There are many other papers that treat this topic. They were not discussed. A few examples: There are many other papers that treat this topic. They were not compared with. A few examples: "On the Importance of Asymmetry for Siamese Representation Learning", "What Makes for Good Views for Contrastive Learning?".
We thank the reviewer for pointing out our shortcoming on referencing relevant related work. While we agree with the reviewer that we do not include the first mentioned paper, we do discuss Tian2020b (which is “What Makes for Good Views for Contrastive Learning”) in our paper. However, we agree with the reviewer that our paper would benefit from a deeper discussion about the similarities and differences with Tian2020b. First, Tian2020b leverages the information of views to characterize good views for a given task based on the mutual information principle and use this framework to discover sweet spots for data augmentation hyperparameters.

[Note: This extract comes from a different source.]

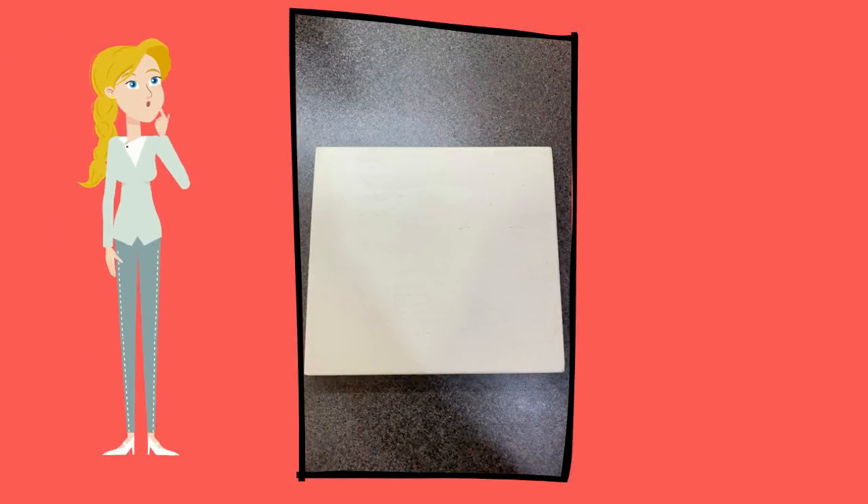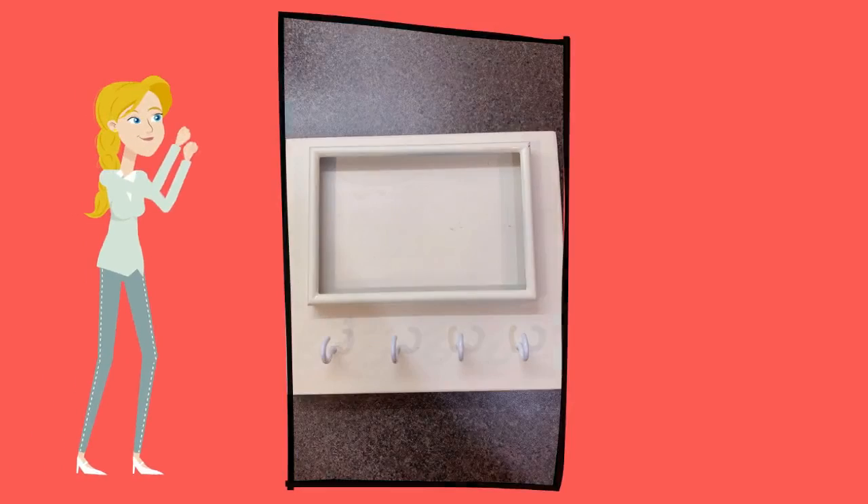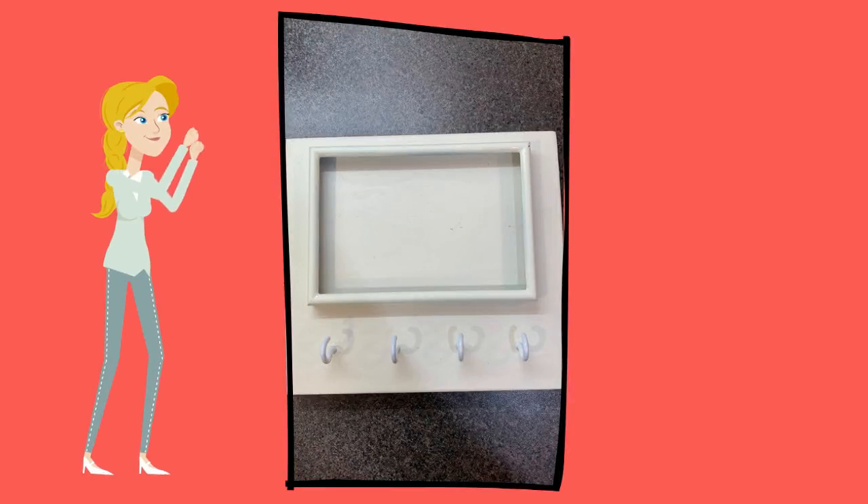Mark on your board where you'd like the key hooks positioned underneath the picture frame. Screw in your key hooks. Glue your picture frame onto the wood with hot glue or superglue.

These data augmentation hyperparameters are widely adopted by SSL approaches and our baselines. Additionally, Tian2020b use their insights about good views to then adversarially learn flow-based models that generate novel color spaces for the small STL-10 dataset. After the views have been learned offline, they then perform standard contrastive learning on these generated views.
This approach is different to HVS on multiple fronts: with HVS we propose a method that can be integrated online into CL and non-CL pipelines without the use of a potentially instable adversarial learning objective. Our method is dependent on the model state and on individual samples since it is integrated online into the learning procedure, which is different to Tian2020b since their approach is not entangled with the model state. While Tian2020b ablates also based on distance metrics in their study, they do not include the IoU metric. Moreover, another central difference is that we use the distance metric as a tool to better understand the selection of HVS and to discover that model-state and image-dependence is essential, where Tian2020b uses it as a motivation for their framework. Furthermore, our ablation studies include experiments that quantify the difficulty of predicting good/hard pairs, which Tian2020b does not have.

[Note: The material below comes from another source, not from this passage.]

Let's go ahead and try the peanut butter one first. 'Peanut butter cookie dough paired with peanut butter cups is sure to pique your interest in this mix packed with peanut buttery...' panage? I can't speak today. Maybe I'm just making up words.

In summary, we view Tian2020b as complementary to our work, particularly in the context of their derived data augmentation policies and believe that HVS could even be combined with the findings of Tian2020b. However, it's important to underscore the limited overlap in methodology and experimental design between the two approaches. HVS in the end could be seen as an early work that shows that for good (or hard) views, we need to derive better sampling methods that can dynamically adapt to the actual state of training.
Regarding the first mentioned paper, “On the Importance of Asymmetry for Siamese Representation Learning”, we are doubtful about the relatedness to our work after reviewing it. The focus of this paper appears to be on improving representation learning by controlling encoding variance in the latent space of Siamese networks, exploring their findings with different augmentation strategies such as multi-crop. While we acknowledge the potential for combining HVS with their approach, the immediate connection to our work may require further clarification. If the reviewer identifies relevant points of intersection between our work and the mentioned paper, we are open to incorporating those insights.
We have now added the expanded discussion on Tian2020b from above to the Introduction and Related Work sections of our paper. We thank the reviewer once again for the valuable feedback. Hopeful that we have addressed and mitigated the initial concerns, we would like to ask you if you could increase your score (or, alternatively, we would be glad for any points we should address that would raise your score).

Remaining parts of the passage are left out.